Hayat, birbirine zıt yaklaşımların, düşüncelerin, değerlerin sürekli birbiriyle etkilemesi sonucu ortaya çıkan dinamik dengeyle gelişir ve mükemmele doğru ilerler. Hayat, doğum ile ölümün, bilgi ile cehaletin, kavuşma İle ayrılığın, birleşme ile kopmanın, sevgi ile nefretin, güzel ile çirkinin, ahlâk ile ahlâksızlığın, haklılarla haksızların, güçlülerle güçsüzlerin, eğitilmişlerle eğitilmemişlerin, aydınlık soluklayan ile karanlık soluklayan ruhların, yöneten ile yönetilenlerin, işveren ile işçinin, sermaye ile emeğin, doğru ile yanlışın, iman ile küfrün, hak ile batılın karşılıklı etkileşimleriyle şekillenen bir insanlık tiyatrosudur.
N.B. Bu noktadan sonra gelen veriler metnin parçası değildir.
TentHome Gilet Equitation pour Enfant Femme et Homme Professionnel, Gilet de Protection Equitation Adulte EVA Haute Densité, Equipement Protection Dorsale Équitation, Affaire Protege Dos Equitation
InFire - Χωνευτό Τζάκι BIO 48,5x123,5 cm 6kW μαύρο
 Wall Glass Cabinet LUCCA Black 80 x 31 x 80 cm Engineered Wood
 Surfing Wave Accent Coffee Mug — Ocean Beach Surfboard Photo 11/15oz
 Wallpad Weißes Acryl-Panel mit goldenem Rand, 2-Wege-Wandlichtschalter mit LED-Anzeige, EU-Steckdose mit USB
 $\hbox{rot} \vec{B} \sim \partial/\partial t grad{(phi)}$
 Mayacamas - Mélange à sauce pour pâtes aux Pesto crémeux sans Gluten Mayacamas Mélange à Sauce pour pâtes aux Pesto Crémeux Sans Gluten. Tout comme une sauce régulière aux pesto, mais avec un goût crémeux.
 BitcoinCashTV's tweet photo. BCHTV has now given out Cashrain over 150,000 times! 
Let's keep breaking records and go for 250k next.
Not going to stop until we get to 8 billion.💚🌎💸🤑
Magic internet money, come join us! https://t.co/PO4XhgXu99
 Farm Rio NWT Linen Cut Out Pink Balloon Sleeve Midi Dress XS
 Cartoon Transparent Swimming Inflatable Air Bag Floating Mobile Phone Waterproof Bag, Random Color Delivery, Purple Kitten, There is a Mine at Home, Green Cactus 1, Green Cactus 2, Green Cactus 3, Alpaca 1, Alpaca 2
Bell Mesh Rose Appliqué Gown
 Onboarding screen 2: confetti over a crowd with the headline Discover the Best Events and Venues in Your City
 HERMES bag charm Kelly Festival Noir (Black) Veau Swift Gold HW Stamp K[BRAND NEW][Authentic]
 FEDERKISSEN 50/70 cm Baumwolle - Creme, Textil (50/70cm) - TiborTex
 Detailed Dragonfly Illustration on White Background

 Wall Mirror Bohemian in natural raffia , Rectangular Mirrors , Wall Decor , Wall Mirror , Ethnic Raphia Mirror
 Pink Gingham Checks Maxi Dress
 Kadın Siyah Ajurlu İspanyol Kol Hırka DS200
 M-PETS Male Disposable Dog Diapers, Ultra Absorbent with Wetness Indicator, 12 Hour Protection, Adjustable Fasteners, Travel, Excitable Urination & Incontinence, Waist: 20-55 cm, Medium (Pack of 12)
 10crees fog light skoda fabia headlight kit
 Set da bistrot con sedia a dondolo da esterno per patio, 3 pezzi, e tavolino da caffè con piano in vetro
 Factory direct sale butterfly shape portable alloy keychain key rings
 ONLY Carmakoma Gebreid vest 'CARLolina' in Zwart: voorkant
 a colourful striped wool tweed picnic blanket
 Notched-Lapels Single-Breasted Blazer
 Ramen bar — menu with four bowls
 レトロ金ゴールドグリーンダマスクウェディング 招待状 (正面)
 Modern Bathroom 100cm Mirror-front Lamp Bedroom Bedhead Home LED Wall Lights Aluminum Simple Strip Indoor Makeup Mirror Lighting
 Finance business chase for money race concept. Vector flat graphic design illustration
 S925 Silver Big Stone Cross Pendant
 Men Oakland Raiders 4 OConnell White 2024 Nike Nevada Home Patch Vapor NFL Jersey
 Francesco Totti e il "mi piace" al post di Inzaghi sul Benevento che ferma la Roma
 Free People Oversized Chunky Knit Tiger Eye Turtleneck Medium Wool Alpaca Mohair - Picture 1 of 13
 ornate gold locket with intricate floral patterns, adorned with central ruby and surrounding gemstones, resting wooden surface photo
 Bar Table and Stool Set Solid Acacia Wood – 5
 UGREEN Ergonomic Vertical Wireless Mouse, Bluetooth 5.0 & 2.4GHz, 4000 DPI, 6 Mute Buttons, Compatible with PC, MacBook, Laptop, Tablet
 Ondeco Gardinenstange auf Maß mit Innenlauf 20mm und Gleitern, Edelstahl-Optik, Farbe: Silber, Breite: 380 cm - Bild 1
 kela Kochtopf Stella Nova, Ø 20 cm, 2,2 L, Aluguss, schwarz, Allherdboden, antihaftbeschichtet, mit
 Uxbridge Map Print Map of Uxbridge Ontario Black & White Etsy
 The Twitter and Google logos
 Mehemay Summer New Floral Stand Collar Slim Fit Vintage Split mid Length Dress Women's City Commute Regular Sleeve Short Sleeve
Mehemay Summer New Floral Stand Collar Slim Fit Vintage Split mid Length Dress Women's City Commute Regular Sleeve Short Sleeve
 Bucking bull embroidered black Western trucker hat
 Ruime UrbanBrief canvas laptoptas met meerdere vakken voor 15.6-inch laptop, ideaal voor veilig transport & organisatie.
Bunun meyveleri, barış, adalet, mutluluk olabileceği gibi, savaş, zulüm ve mutsuzluk da olabilir.

İnsan, çoğu zaman bunları bilip yaşamadan istediği zıtları denge içinde biraraya getirip, düşüncesine ve hayatına tam olarak aktaramamaktadır. Meselâ, ilimsiz iş yapmanın bedelini ödemeden ilmin değerini, bağımlı yaşamanın bedelini ödemeden bağımsızlığın ve hürriyetin ne değerini anlayabilmekte, ne de ona sahip çıkabilmekteyiz. Her ne kadar irademiz dışında da olsa, nasıl açlık hissini yaşamadan, ne besin ihtiyacı duyar ne de tokluğun mânâsını anlayabiliriz; öyle de, hasta olup iyileşmeden sağlıklı kalmayı, acıyı tatmadan tatlıyı, düşmeden yükselmeyi, ayrı kalmadan kavuşmayı, düşmanlık etmeden dostluğu, kavga etmeden bir arada barış içinde yaşamayı, cehalet karanlığında kalmadan bilginin aydınlığını, zahmete girmeden rahmeti, yoksulluk görmeden zenginliği, acı ve ızdırabı tatmadan mutluluğu anlamak oldukça zor görünüyor. İnsanlık tarihine bakılırsa, insanın zıtları bilip görmeden belki de çoğu defa tatmadan zıtların buluştuğu orta çizgiyi ve doğru yolu davranışlarına aksettirmesi imkânsız gibi. Zira insan aldanmadan aldanmamayı, musibete düşmeden nasihatin önemini ne acıdır ki, idrak edemiyor.

Doğumundan itibaren yaratılışı gereği iç dünyasında bu zıtlıkları sürekli yaşayan insanların ancak eğitimle zıtların bir arada iyi yönleriyle buluştuğu orta yolu bulmalarını sağlayabiliriz. İslâm'ın pratikte kavrayamadığımız evrenselliği de. kanaatimizce bu noktada düğümlenmektedir. Aslında tamamlayıcılık ve dengeleme fonksiyonu gören birbirine zıt vasıfları ve davranışları belirli bir denge içerisinde kazanarak pratiğe geçirmek (böylece kâmil bir insan olmaya çalışmak), İslâmın temel hedeflerinden biridir. Meselâ kendine güven duyma ile gururlu olma, sahip olduğu nimetleri şükür makamında gösterme ile fahr ve gurur vesilesi yapma, israf-iktisat, çalışma-himmetsizlik (tembellik), sebeplere uygun hareket etme-tevekkül, cömertlik-cimrilik, hoşgörülü olma ile fanatik olma, korku-ümit, vakar-gurur, zillet-izzet, bilgi-cehalet, küfür-iman gibi ya bizzat veya netice itibariyle birbirine zıt vasıflar arasındaki dengeyi korumak çok zordur.

Sosyal hayatta insanları belirli ölçüde serbest bırakıp, bu zıtlıkları (müsbet-menfi yönleriyle) bilmelerine, görmelerine imkân verirsek, herkes “herşeyin maddî-manevî bir karşılığı olduğu ve er veya geç mutlaka ödenmesi gerektiği” hakikatini çok daha çabuk idrak edecektir. Neticede, sağlıklı fert ve toplum yapısının oluşma süreci daha da hızlanacak ve zıtların şiddetli şekilde çarpıştığı günümüzde, zıtların orta yolda buluşup dengelendiği İslâmın mükemmelliği ve evrenselliği daha iyi anlaşılacaktır.